After a quick google, I found out some more about this interesting gentleman. His name is Michael Goldfarb, his book is called “Ahmad’s War, Ahmad’s Peace“. Michael is a very, very accomplished journalist. After reading bios, I am sad that I didn’t have more time to talk with him. He has created a documentary for the “Inside Out” program on WBUR Boston on the subject, which, in my opinion, is a moving account of the start of the current war in Iraq from a personal perspective. Click here to visit that documentary, which includes the radio program. It’s an hour long. Take my advice: get yourself a clear hour, turn up the speakers on your PC, get comfy and listen to it.

At work, I’ve finally sorted out my SAN problem, no thanks to the hopeless vendor (two letters, known for printers). Brocade were on site earlier last week for another matter, and their technical guru sat down with me, looked at the problem for a few minutes, and said “hafailover”. I’d suggested that to my vendor over a week previous – perhaps it got lost in translation between here and India. So, I spent an hour raising the change ticket, another hour talking to our customers, then the following morning I hit the return key, crossed my fingers and hoped the 12000 wouldn’t die. It was as monumentous as when the clocks ticked over to 1st January 2000. No planes dropped out of the sky, I still owed the bank several body parts for a mortgage, and the problem went away.

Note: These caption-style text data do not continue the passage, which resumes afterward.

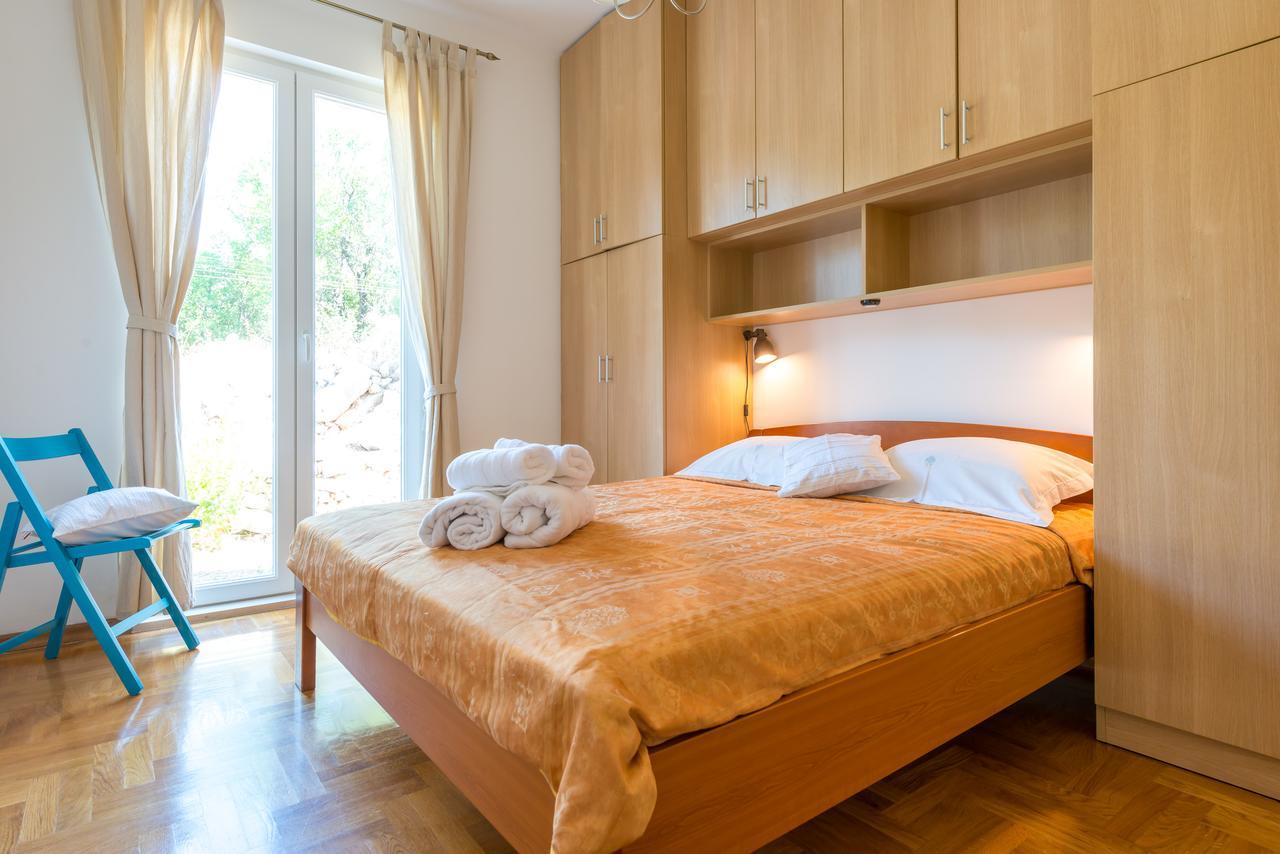 Apartment With Terrace And Mini Pool Green Gold Ντουμπρόβνικ Εξωτερικό φωτογραφία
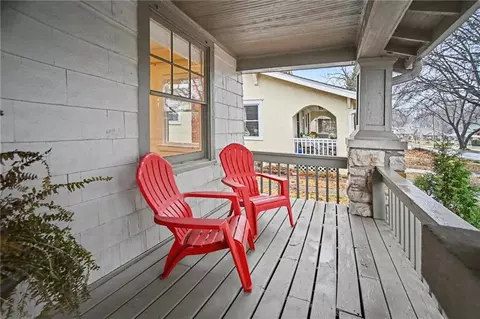1025 E 76th St, Kansas City, MO 64131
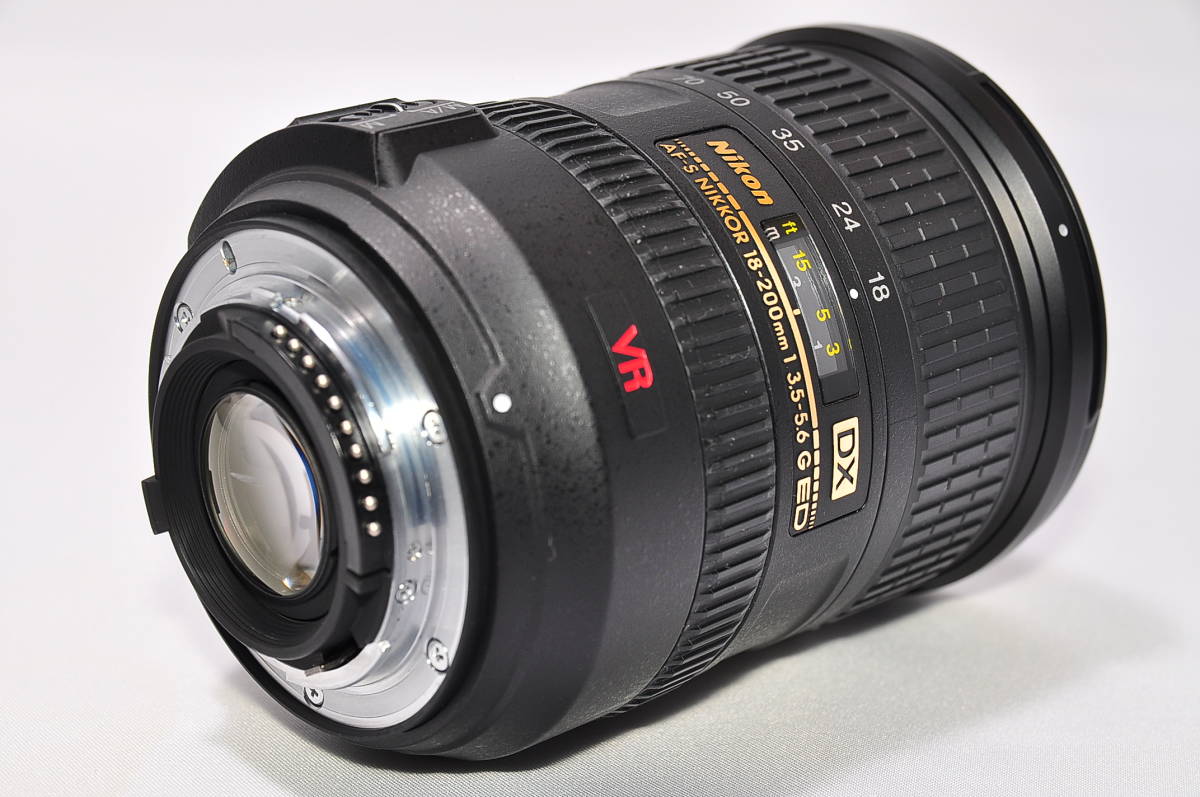 AF-S DX 18-200mm Nikon VR ED f⁄3.5-5.6G NIKKOR | : II
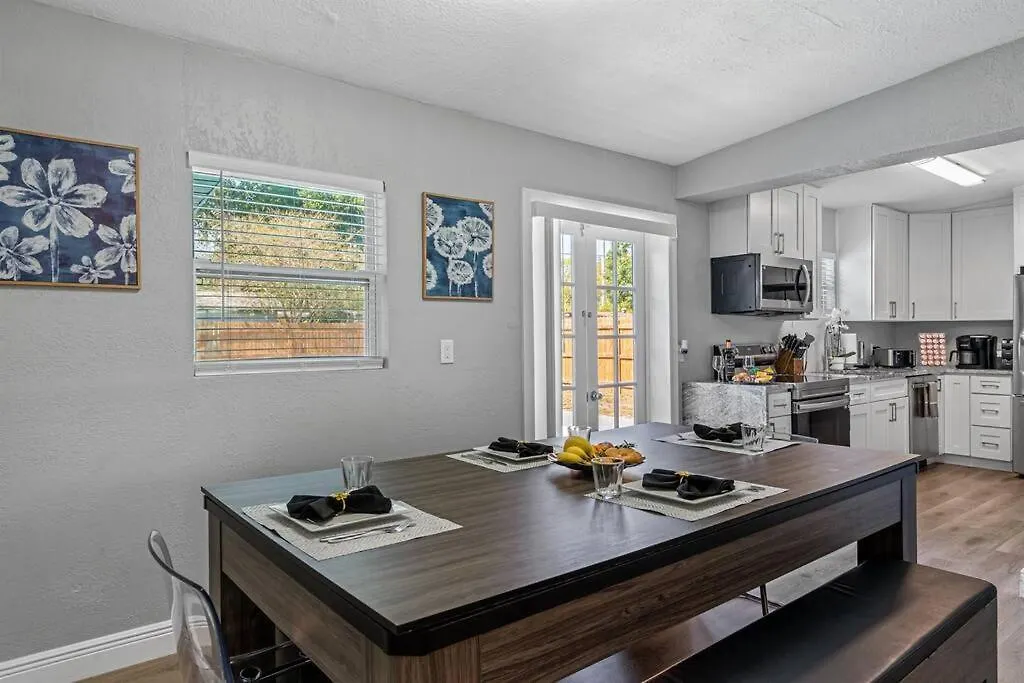 Heated Pool Home * King Bed Tampa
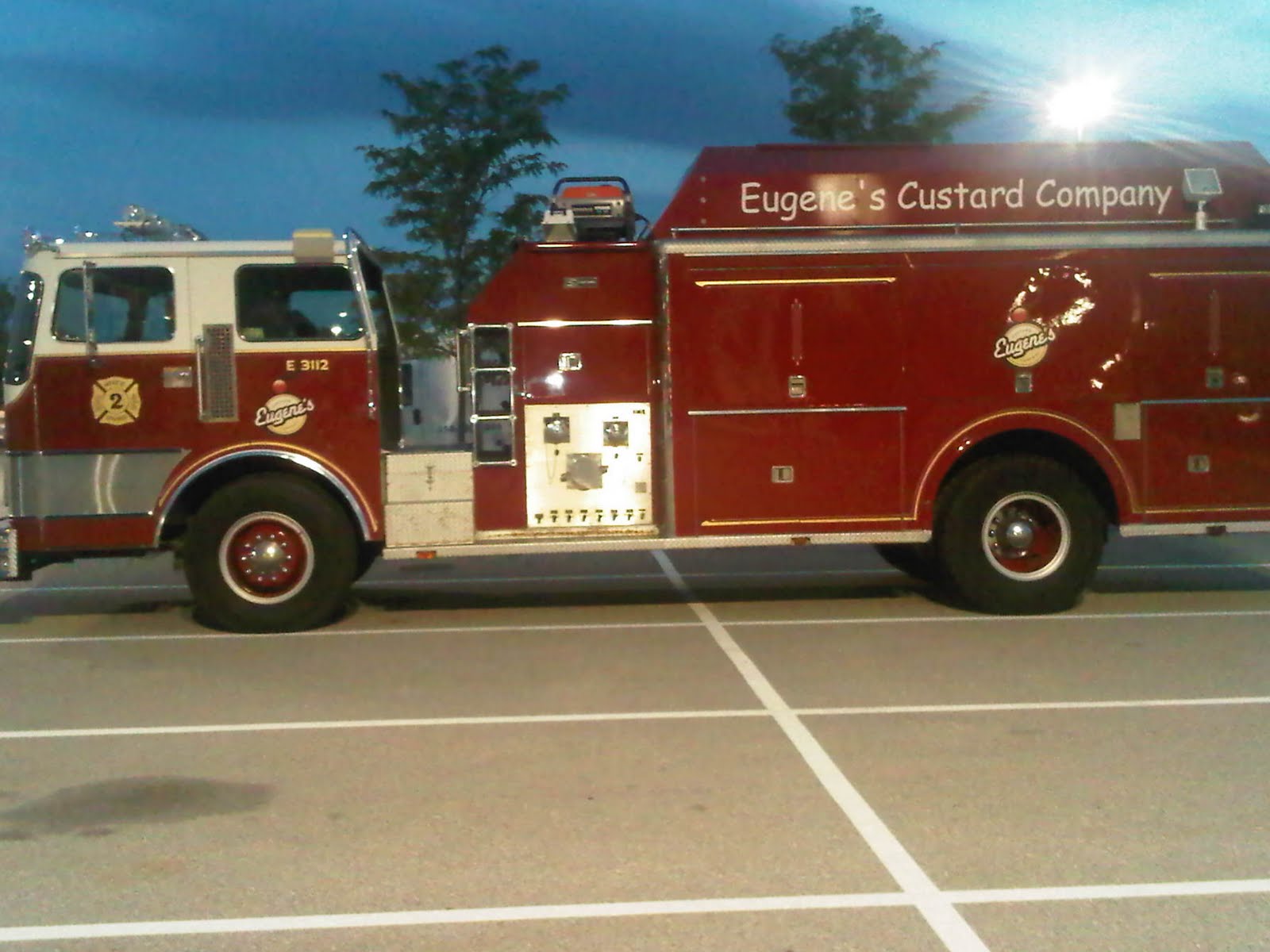 A custard pumper. Straight from the pages of Richard Scarry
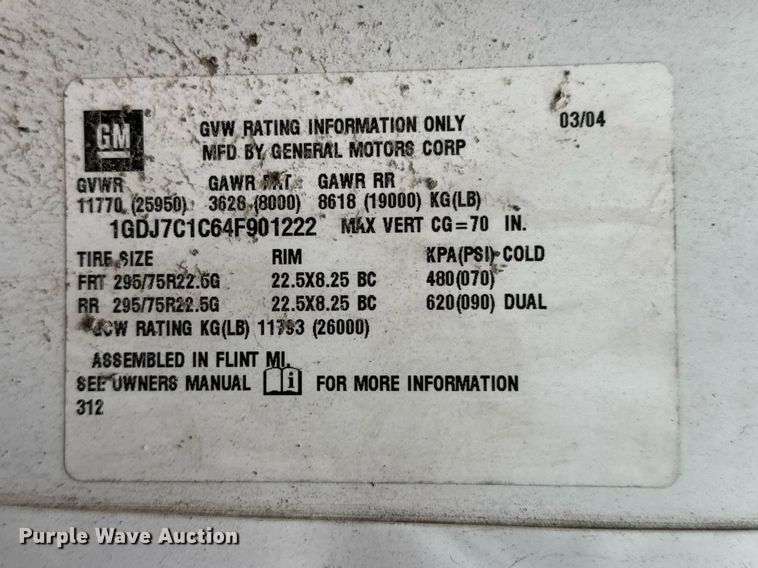 image for item DO0790 2004 GMC C7500 truck cab and chassis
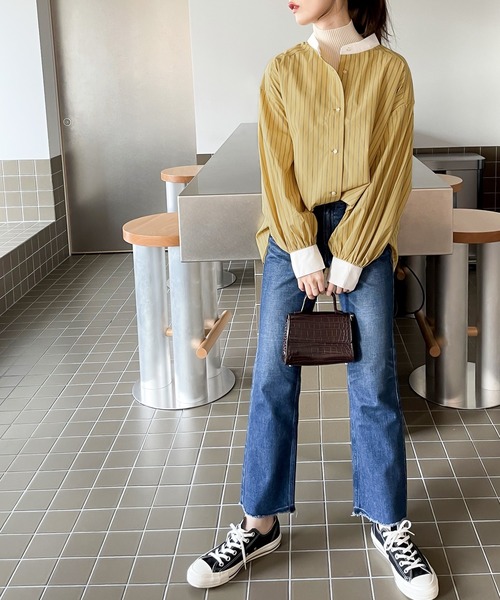 Java（ジャバ）の「《JaVa ジャバコラボ》ストライプ最強説。レトロストライプ柄クレリックシャツ（シャツ/ブラウス・レディース・ブルー系その他3/グレー系その他2/ブルー系その他2/オレンジ系その他/ピンク系その他/イエロー系その他/グリーン系その他/ブルー系その他/グレー系その他/ブラック系その他/ブラック×グレー・SMALL/MEDIUM/LARGE/X-LARGE）」の17枚目の写真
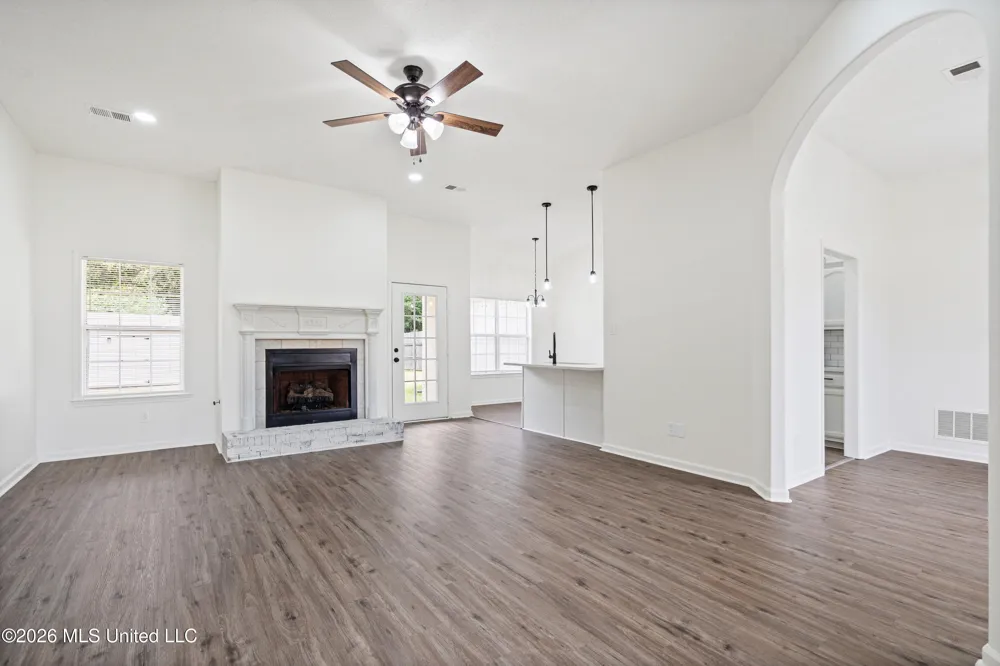 1090 Fawn Drive Hernando, MS 38632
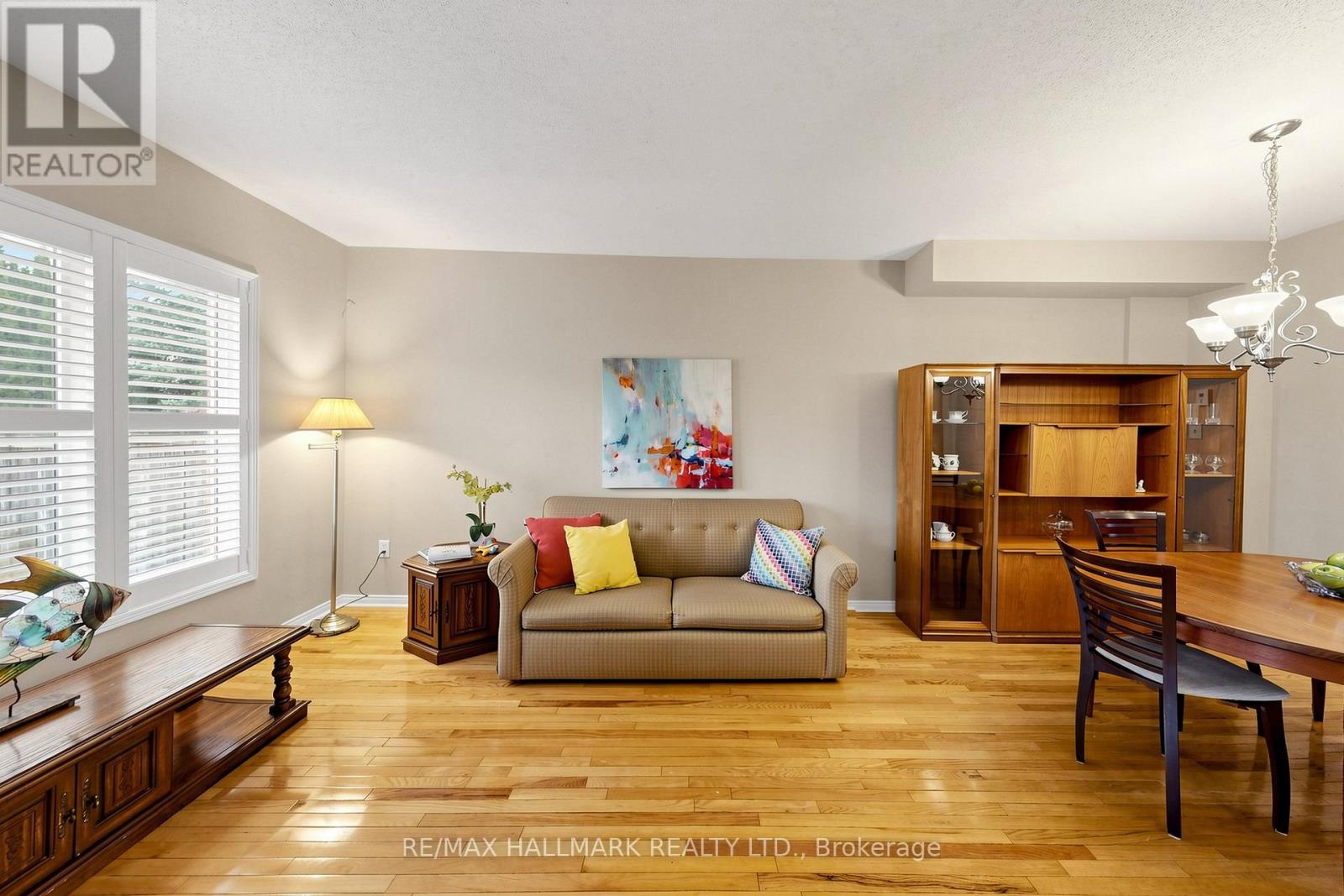 72 Walkview Crescent, Richmond Hill, Ontario  L4E 4H6 - Photo 4 - N13095902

Take note Brocade customers – Brocade are offering a supplementary support service, obviously at a cost. If you’ve bought your switches from HP, IBM or EMC, get them in now. Don’t delay!

Dark porcelain

1 04 2007

Considering the grief I’ve had recently over dark fibre, Google’s April Fool really made me chuckle ( Enjoy.

Wood, Trees, D’oh!

26 03 2007

Well, good news and bad. Good news, the DWDM links are working properly. Bad news, my inability to see the wood for the trees. Got so tied up looking at the quality of the links, someone said to me today “You’ve allocated too many buffer credits”. So, I turned off the long distance, hey presto, no more time outs. D’oh, back to the dummy’s book for me. Too many credits meant the destination port was being flooded. Now I need to test and tweak. Without LD, I’ve not got enough credits. We’ll have a diverse 22km route soon, maths says “1 credit per km” for a 2gb link. I though dynamic allocation (LD) mode on the Brocades would handle everything nicely for me, but obviously not. Need to find out why it thought the link was 30km. So, time for testing with static allocations. Nothing like sucking and seeing.

Bad news, still waiting for my 12000 vendor to come back to me and explain why one half still thinks the fabric is busy and stops me propagating fabric changes. Not impressed. I fear I’ll have to reboot, which means an emergency change. Perfect timing as our Change Management team has just introduced a new template, which means half a days just to fill out the change request for the outage. And of course, they’ve not publicised the change. I noted in the new template there’s not a section relating to hypocrisy.